You can add multiple endpoints. Each processed document is sent to all of them.
Save
Click Save Changes. From then on, when a document is processed, the extracted data is sent to each endpoint as a JSON payload.
What is sent
DigiParser sends a JSON payload to your URL. It includes the extracted data (your parser fields and tables), plus metadata such as document id, name, url, and timestamp. The exact shape depends on your parser schema; you can inspect a sample request to see the format.
When data is sent
Data is sent when a document is processed (after extraction).
If you use Reviews & Approvals and a reviewer is assigned, webhooks wait until the document is approved. If no reviewer is assigned, webhooks are sent immediately after processing.
Tips
- Your endpoint should respond quickly (e.g. 200 OK). If you need to do slow work, save the payload and process it later.
- Use HTTPS and ensure your server is reachable from the internet so DigiParser can deliver.

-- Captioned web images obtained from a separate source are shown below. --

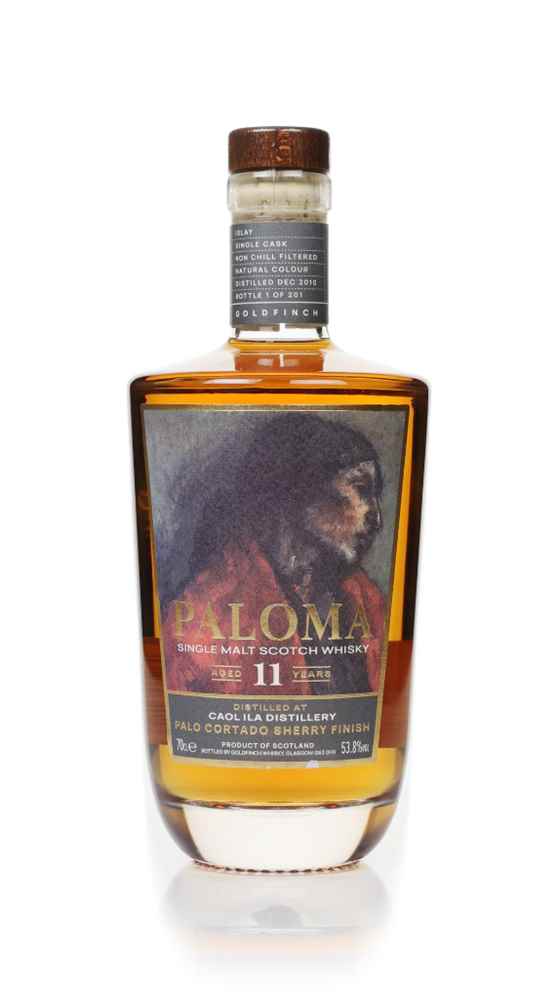 Caol Ila 11 Year Old 2010 - Paloma (Goldfinch Whisky Merchants) | 700ML at CaskCartel.com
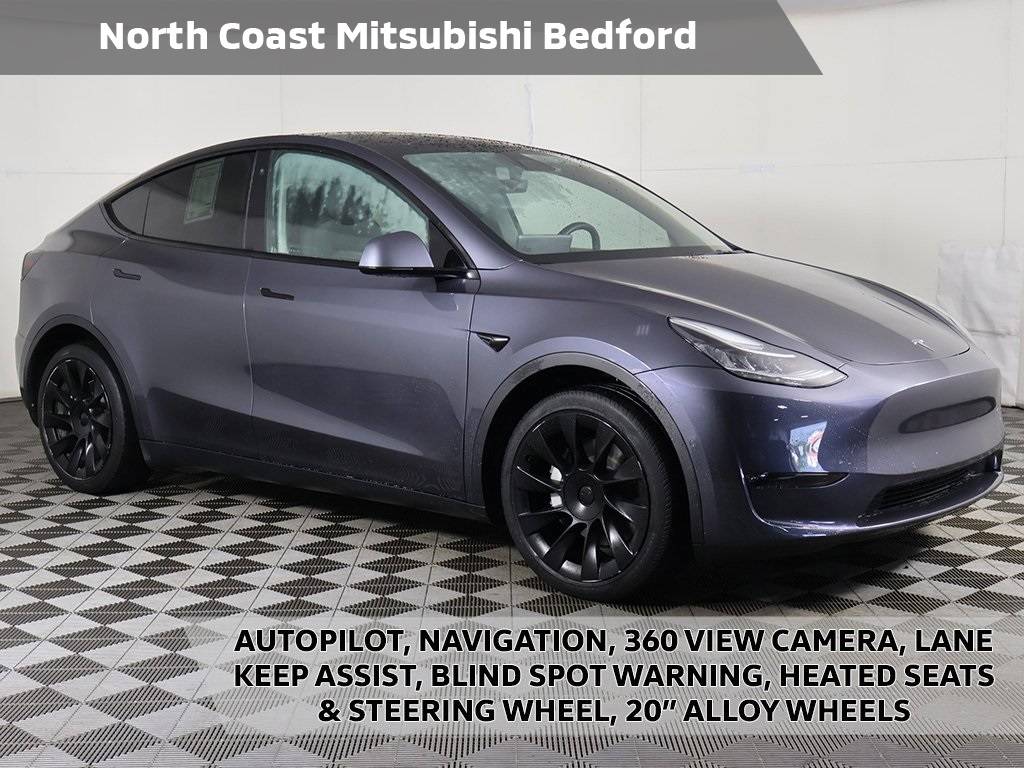 2021 Tesla Model Y Long Range — SUV — 25,613 mi — Bedford, OH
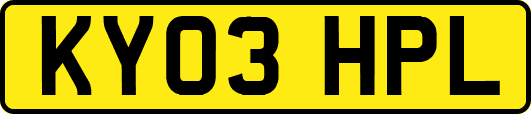 KY03HPL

- Use multiple endpoints to send the same data to different systems (e.g. your app and a logging service).
Verifying webhooks
Every webhook request is sent through our provider (Svix) and includes headers you can use to make sure the request is genuine:
svix-id– unique message identifiersvix-timestamp– when the message was createdsvix-signature– HMAC signature of the request body
On your server you can use the signing secret (shown next to each endpoint in the Webhook export settings) together with these headers to verify that:
- the request really came from DigiParser, and
- the payload was not modified in transit.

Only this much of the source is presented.